▸ **What is needed**
Only the closing portion of the entries is to be reproduced: the line containing "Bedroom, Bed in" through the very last line, exactly as written.

▸ **Task input**
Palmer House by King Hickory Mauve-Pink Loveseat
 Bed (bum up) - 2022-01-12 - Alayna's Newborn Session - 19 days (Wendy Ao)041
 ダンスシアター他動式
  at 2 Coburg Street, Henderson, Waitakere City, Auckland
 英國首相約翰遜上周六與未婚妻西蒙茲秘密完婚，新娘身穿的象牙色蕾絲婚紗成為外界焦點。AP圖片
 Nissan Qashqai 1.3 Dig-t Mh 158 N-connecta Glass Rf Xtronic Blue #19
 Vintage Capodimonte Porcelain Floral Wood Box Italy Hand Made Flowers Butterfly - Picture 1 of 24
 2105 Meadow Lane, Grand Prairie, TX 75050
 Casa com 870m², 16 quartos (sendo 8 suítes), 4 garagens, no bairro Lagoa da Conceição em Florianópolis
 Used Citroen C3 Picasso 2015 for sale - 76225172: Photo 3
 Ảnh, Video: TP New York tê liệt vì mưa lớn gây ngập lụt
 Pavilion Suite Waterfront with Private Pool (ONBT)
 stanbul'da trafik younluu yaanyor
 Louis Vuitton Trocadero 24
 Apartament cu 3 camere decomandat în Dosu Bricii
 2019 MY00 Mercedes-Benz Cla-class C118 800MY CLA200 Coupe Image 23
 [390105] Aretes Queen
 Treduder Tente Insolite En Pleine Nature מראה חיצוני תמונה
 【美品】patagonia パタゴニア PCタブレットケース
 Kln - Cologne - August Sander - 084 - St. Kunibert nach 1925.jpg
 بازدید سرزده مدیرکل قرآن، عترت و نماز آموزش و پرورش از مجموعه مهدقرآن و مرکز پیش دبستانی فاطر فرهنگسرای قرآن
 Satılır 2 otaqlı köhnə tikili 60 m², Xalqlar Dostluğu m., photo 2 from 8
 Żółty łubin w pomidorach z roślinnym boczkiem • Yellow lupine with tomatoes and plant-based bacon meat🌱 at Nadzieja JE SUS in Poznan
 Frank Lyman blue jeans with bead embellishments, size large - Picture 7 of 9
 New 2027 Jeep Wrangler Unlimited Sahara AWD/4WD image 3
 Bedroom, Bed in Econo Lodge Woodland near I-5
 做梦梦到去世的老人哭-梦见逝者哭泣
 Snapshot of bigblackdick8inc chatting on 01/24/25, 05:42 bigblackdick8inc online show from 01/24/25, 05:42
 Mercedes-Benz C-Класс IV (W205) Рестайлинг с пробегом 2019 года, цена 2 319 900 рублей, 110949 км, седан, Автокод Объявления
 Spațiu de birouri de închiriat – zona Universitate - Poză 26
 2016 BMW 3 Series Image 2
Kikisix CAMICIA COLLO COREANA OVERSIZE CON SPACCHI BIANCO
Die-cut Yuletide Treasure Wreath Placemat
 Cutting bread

▸ **Response to this task**
 Bedroom, Bed in Econo Lodge Woodland near I-5
 做梦梦到去世的老人哭-梦见逝者哭泣
 Snapshot of bigblackdick8inc chatting on 01/24/25, 05:42 bigblackdick8inc online show from 01/24/25, 05:42
 Mercedes-Benz C-Класс IV (W205) Рестайлинг с пробегом 2019 года, цена 2 319 900 рублей, 110949 км, седан, Автокод Объявления
 Spațiu de birouri de închiriat – zona Universitate - Poză 26
 2016 BMW 3 Series Image 2
Kikisix CAMICIA COLLO COREANA OVERSIZE CON SPACCHI BIANCO
Die-cut Yuletide Treasure Wreath Placemat
 Cutting bread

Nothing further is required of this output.